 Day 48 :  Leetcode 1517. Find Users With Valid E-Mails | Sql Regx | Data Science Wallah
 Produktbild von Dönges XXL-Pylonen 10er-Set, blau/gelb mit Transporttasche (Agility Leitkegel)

* * *

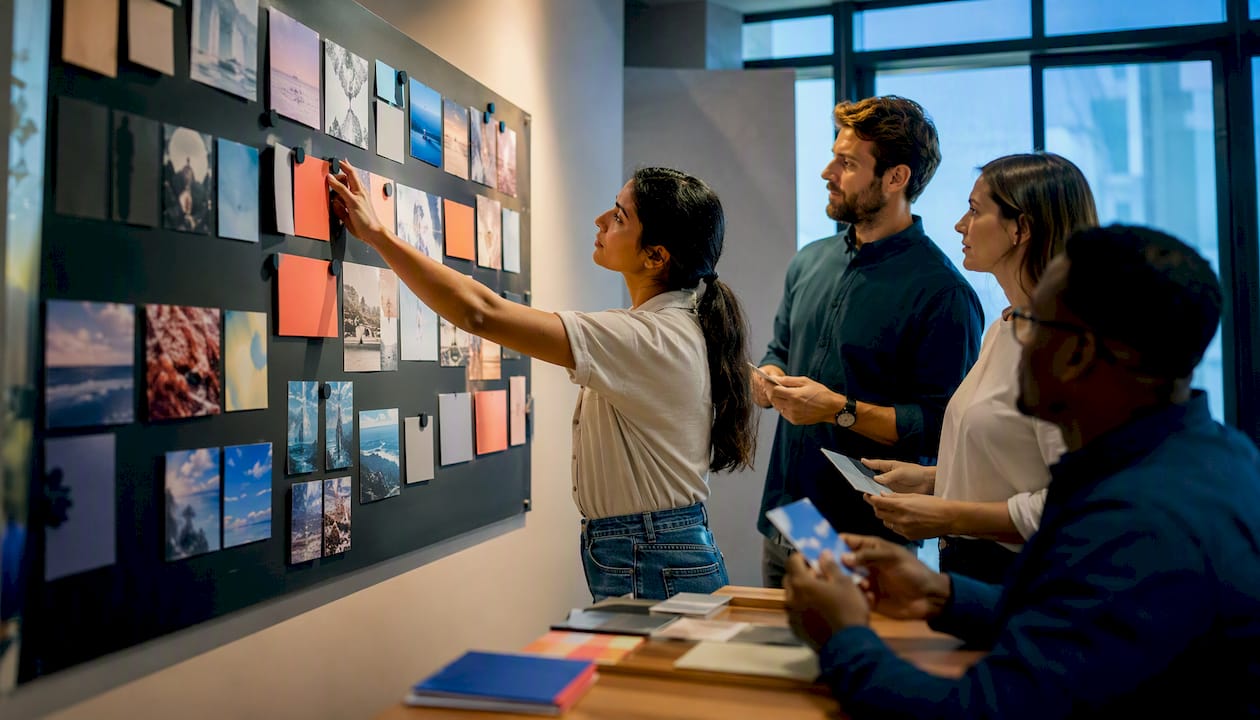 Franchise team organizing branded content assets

--

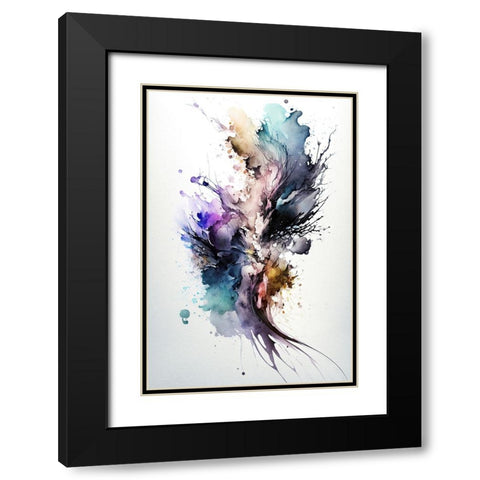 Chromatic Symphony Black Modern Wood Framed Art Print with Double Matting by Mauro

- YOUR INSTRUCTIONS:
For this exercise, output exactly the lines above from the line with "Data Science Wallah" to the line with "Produktbild von Dönges", counting both, and leave out the rest.

- FINAL ANSWER:
 Day 48 :  Leetcode 1517. Find Users With Valid E-Mails | Sql Regx | Data Science Wallah
 Produktbild von Dönges XXL-Pylonen 10er-Set, blau/gelb mit Transporttasche (Agility Leitkegel)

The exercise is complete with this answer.